EXERCISE AIM:
Pictures excluded, return the lines below from the first through the line holding "Now I'm going".

PROVIDED DATA:
****
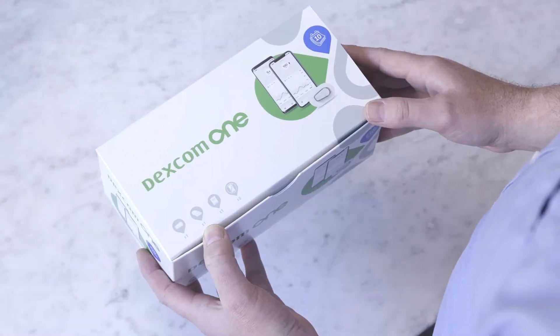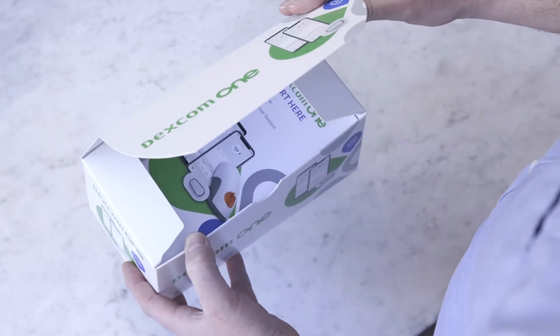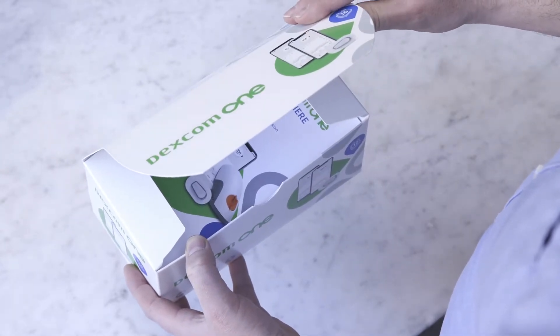Dexcom One is a continuous glucose monitoring tool for managing diabetes and we are going to show you how straightforward it is to get started.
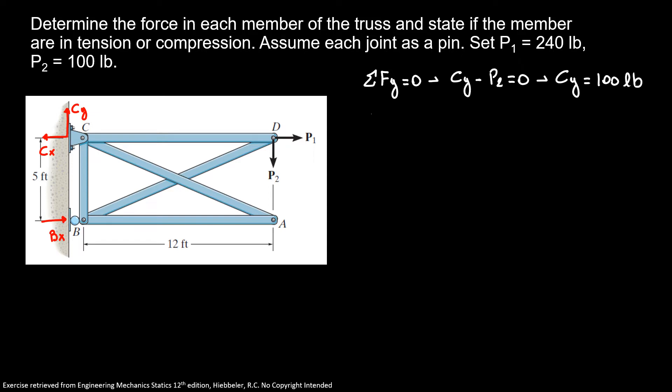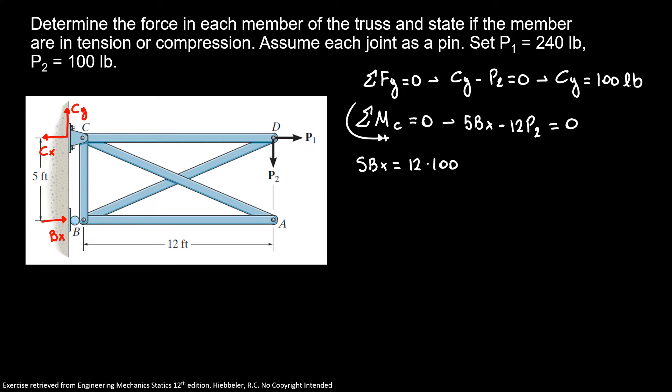Now I'm going to do the sum of moments at C, counterclockwise positive, equal to zero. So we have 5Px minus 12P2 equals zero, giving us 12Px equal to 240 pounds. Since it's positive, I know my assumed direction is correct.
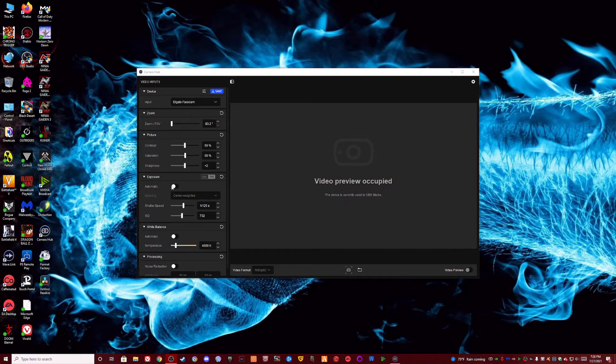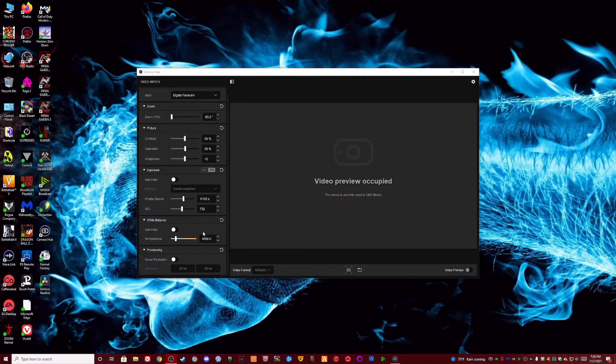The exposure section is where you can adjust your ISO and shutter speed — only if you're really technical with cameras. Then there's also noise reduction, but the thing I've noticed with noise reduction is that it makes the image very grainy.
****
REPLY:
Dexcom One is a continuous glucose monitoring tool for managing diabetes and we are going to show you how straightforward it is to get started.
Now I'm going to do the sum of moments at C, counterclockwise positive, equal to zero. So we have 5Px minus 12P2 equals zero, giving us 12Px equal to 240 pounds. Since it's positive, I know my assumed direction is correct.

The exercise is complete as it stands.